Sasha is internationally recognised for his leadership in engineering education, receiving numerous accolades including Australian Awards for University Teaching Citations (2012, 2019), University of Wollongong Outstanding Contribution to Teaching and Learning Awards (2011, 2018, 2025), AAEE Awards (2019, 2023, 2025), the IEEE NSW Outstanding Volunteer Award (2024), the SEFI Best Paper Award (2024), and a IEEE Education Society Meritorious Service Award (2023). He has also contributed to impactful research on Generative AI and academic integrity, and champions laboratory learning as a space for developing uniquely human capabilities in an AI-enhanced education system.

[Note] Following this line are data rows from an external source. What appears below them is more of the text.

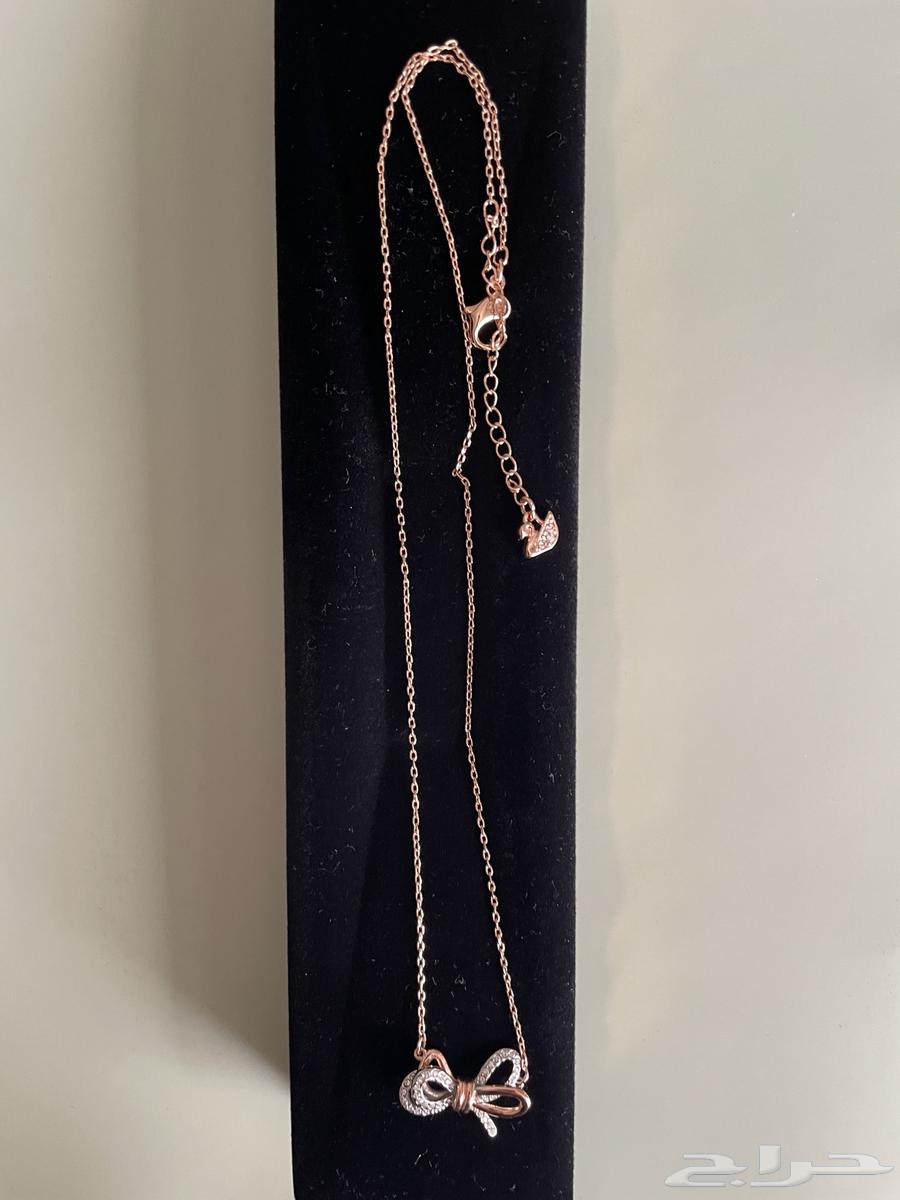 سلسال ( عقد) سوارفسكي جديد بكامل الملحقات64435809285379110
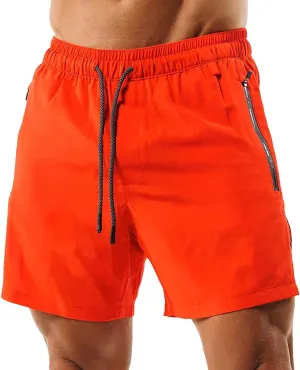 Mens Shorts Cargo Stretch, Men's Workout Shorts with Phone Pocket Casual Athletic Performance Gym Shorts Activewear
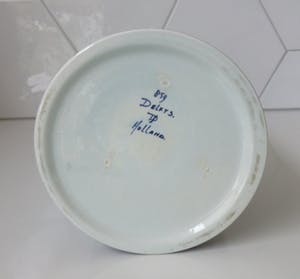 Plateelfabriek Schoonhoven N.V. - Delftsblauwe Hooimeijer Beschuitbus + theebusje Zenith Gouda kopen? Bied vanaf 30!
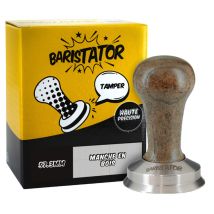 Baristator - Tamper café BARISTATOR 57.3 mm haute précision manche Bois foncé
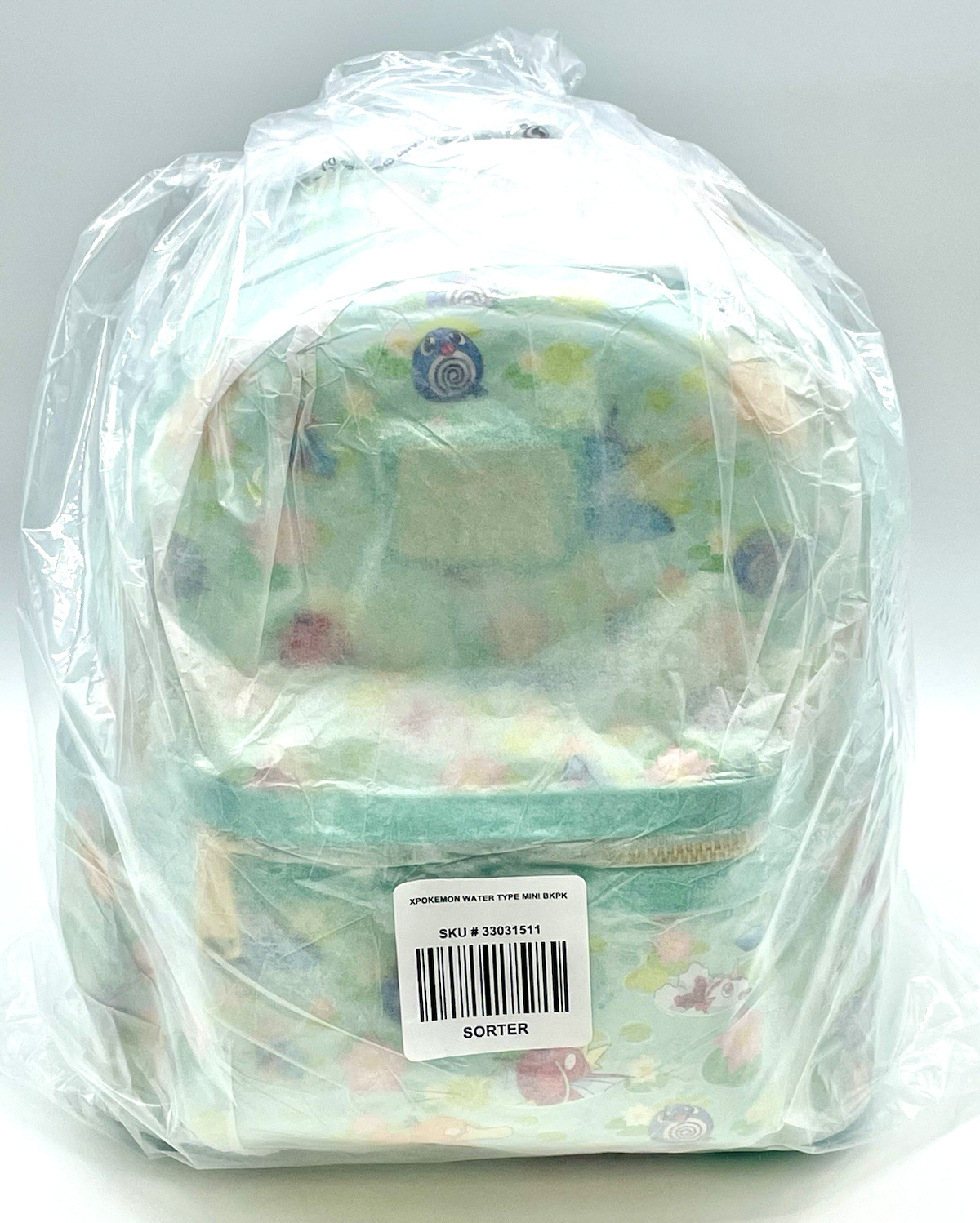 Loungefly x Pokémon Water Type Lily Pad All Over AOP Print Mini Backpack NWT image 2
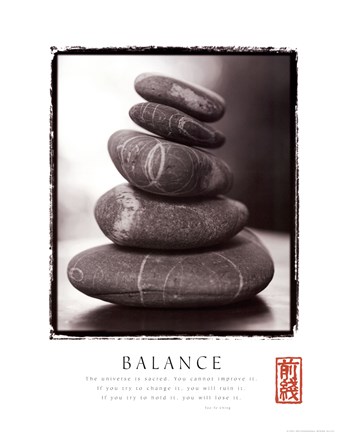 Framed Balance - Rocks Print
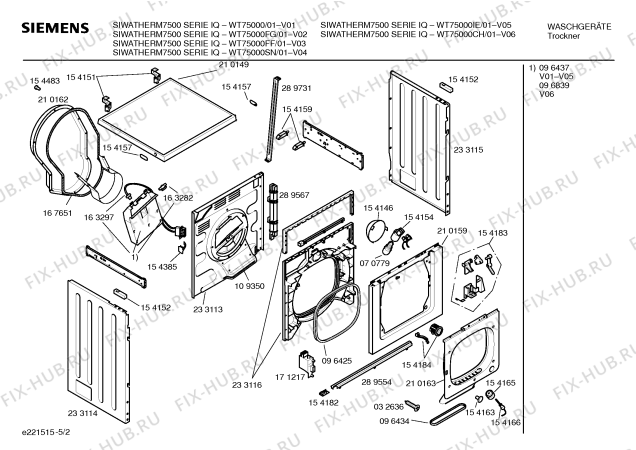 Схема №2 WT75000CH SIWATHERM 7500 SERIE IQ с изображением Инструкция по эксплуатации для электросушки Siemens 00524915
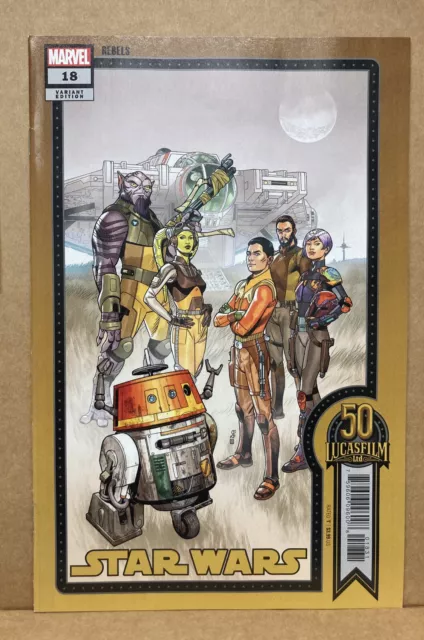 Star Wars 18 (Marvel 2021) Sprouse 50th Variant - Rebels (Ezra, Sabine, Hera)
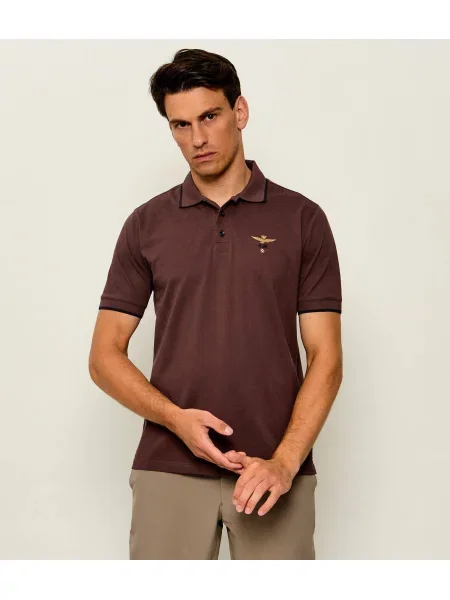 Tricou polo Aeronautica Militare maro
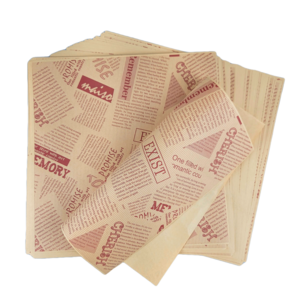 유티 베이킹 포장 코팅 크라프트 왁스 페이퍼 브라운 30 x 30 cm, 1개입, 100개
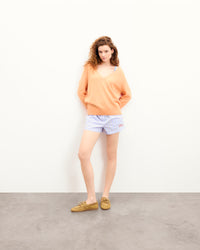 ELECTRIC ORANGE MOULINE / NEW / QTY : 16 / Pull Col V Oversize - Electric Orange Mouline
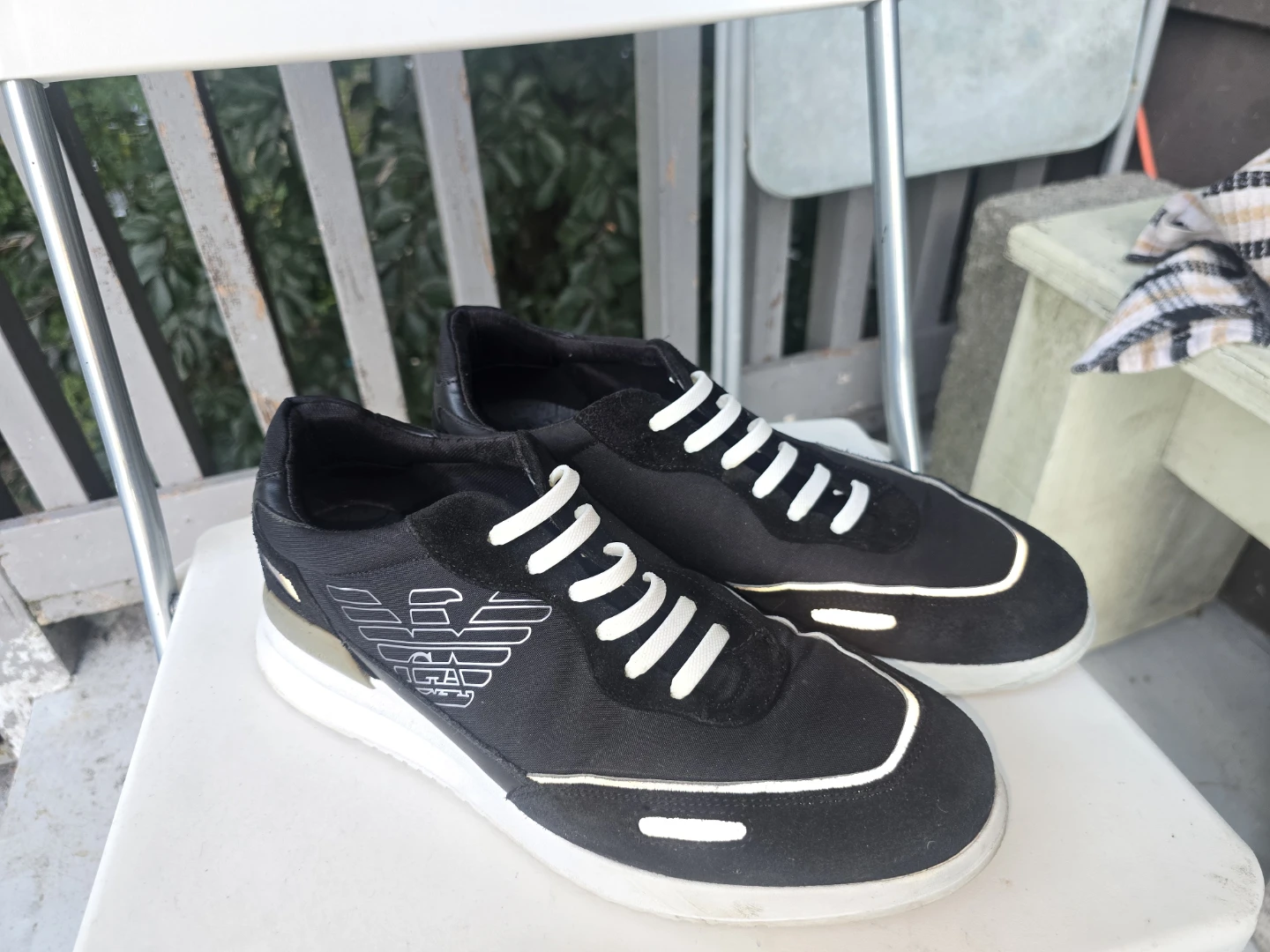 Emporio Armani Black Sneakers - photo 3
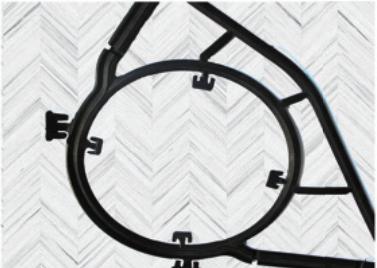 مشابك حشوات المبادلات الحرارية ذات الصفائح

A key focus of his recent work is the role of Generative Artificial Intelligence (GenAI) in reshaping education. Sasha leads collaborative, multi-institutional research that examines GenAI’s impact on academic integrity, curriculum design, assessment authenticity, ethics, and the evolving role of educators. His work highlights how GenAI is not only a technological disruptor but a catalyst for reimagining teaching and learning practices across engineering and higher education. Through the Australasian Artificial Intelligence in Engineering Education Centre (AAIEEC), which he founded and currently leads as President, Sasha coordinates national workshops, policy reviews, and research clusters that provide holistic oversight of the risks, opportunities, and human-centric competencies essential for thriving in AI-augmented learning environments. He is also a sought-after speaker and consultant on GenAI in education, offering research-driven insights through keynote addresses, professional development workshops, and strategy sessions for educators, institutions, and policymakers.

 

 

8 September 2026 (Tuesday)

Industry panel: What does it mean to be an AI-native engineer in a challenging world?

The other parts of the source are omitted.